Dubai goes shopping -- for Barneys

Has globalization gone too far? Denied a foothold in the American ports business, Dubai grabs for a retail jewel.

By Andrew Leonard

Published June 14, 2007 3:55PM (EDT)

Thwarted in its attempt to operate shipping ports in the U.S., the government of Dubai has set its sights on a target even more critical to the safekeeping of American well-being: the luxury clothing retailer Barneys. News outlets are reporting that Istithmar, an investment firm that is a subsidiary of the same government-financed Dubai holding company that owns Dubai Ports World, is close to finalizing a deal that would purchase Barneys from its current owner, Jones Apparel Group Inc., for $900 million.

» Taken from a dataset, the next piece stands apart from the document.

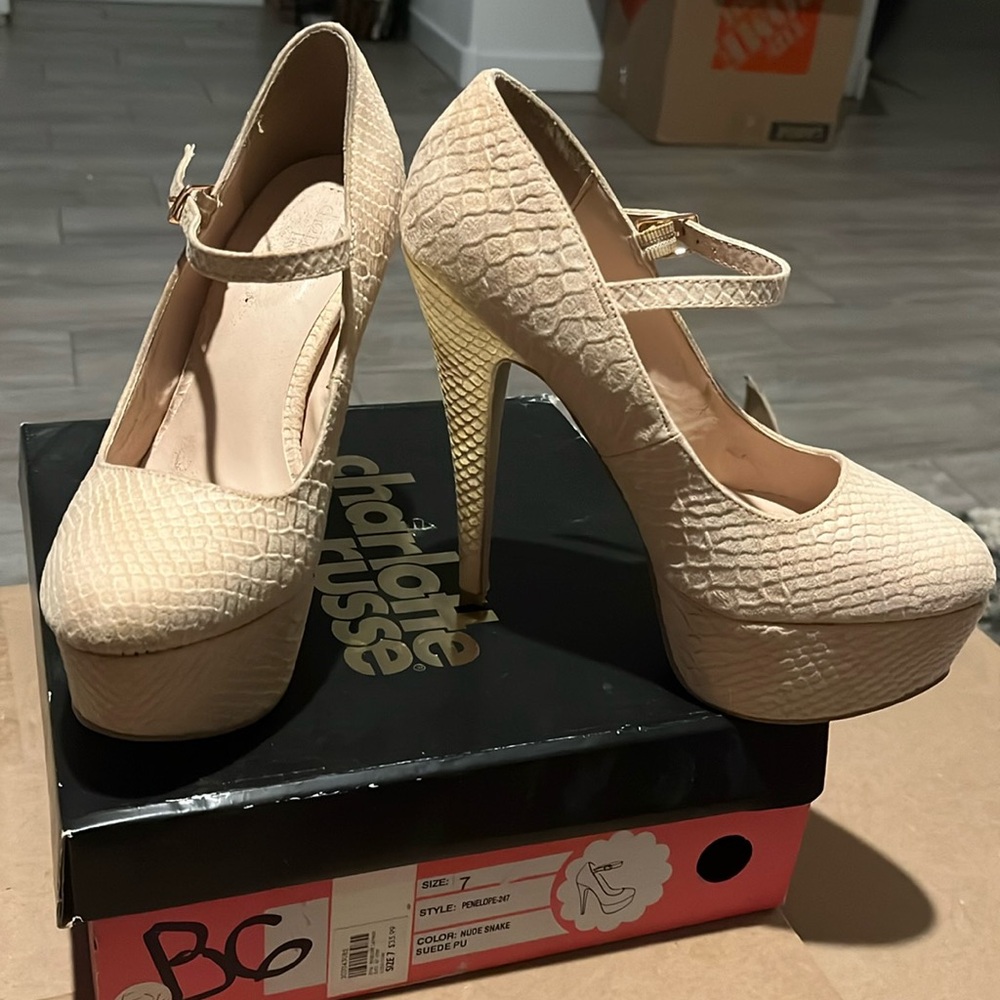 Platform. 5 inch heel. Color is between cream & light pink.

The prospect of Madison Avenue window displays featuring burqa-clad mannequins immediately distracted U.S. politicians from their current effort to punish China for not valuing its currency according to Washington's desires. Sen. Chuck Schumer, D.-N.Y., was rumored to declare, "Enough is enough -- New Yorkers should feel confident that when they buy a Prada handbag on E. 61st Street, they are not contributing to the insecurity of American borders." (Strangely, the Congressional Quarterly failed to record his outburst.)

Some observers found the spectacle of an investment company (Istithmar is Arabic for "investment") buying a luxury clothing retail chain to be an unexceptional example of globalization 101. Istithmar's CEO, David Jackson, is an American who worked for nine years on mergers and acquisitions business at Lehman Bothers before moving to the Persian Gulf. But others, after reviewing Istithmar's suspiciously slick Web site and learning that one of the company's favored slogans is "Good ideas flow. Great ideas erupt" were less sanguine. What better way to cause havoc in the world's No. 1 financial center than by having a volcano erupt on the Upper East Side of Manhattan?

The most vociferous criticism of the proposed deal came not from Washington, but from guardians of the faith throughout the Arab world. One outraged mullah was heard to exclaim: "The wearing of Manolos is expressly forbidden in the Quran." He immediately issued a fatwa banning all Muslims from setting foot in the stores.

A spokesman for Istithmar scoffed at the declaration of jihad.

"If Allah hadn't intended for Arabs to waste their money on absurdly high-priced fashion accessories, he would never have blessed our lands with oil."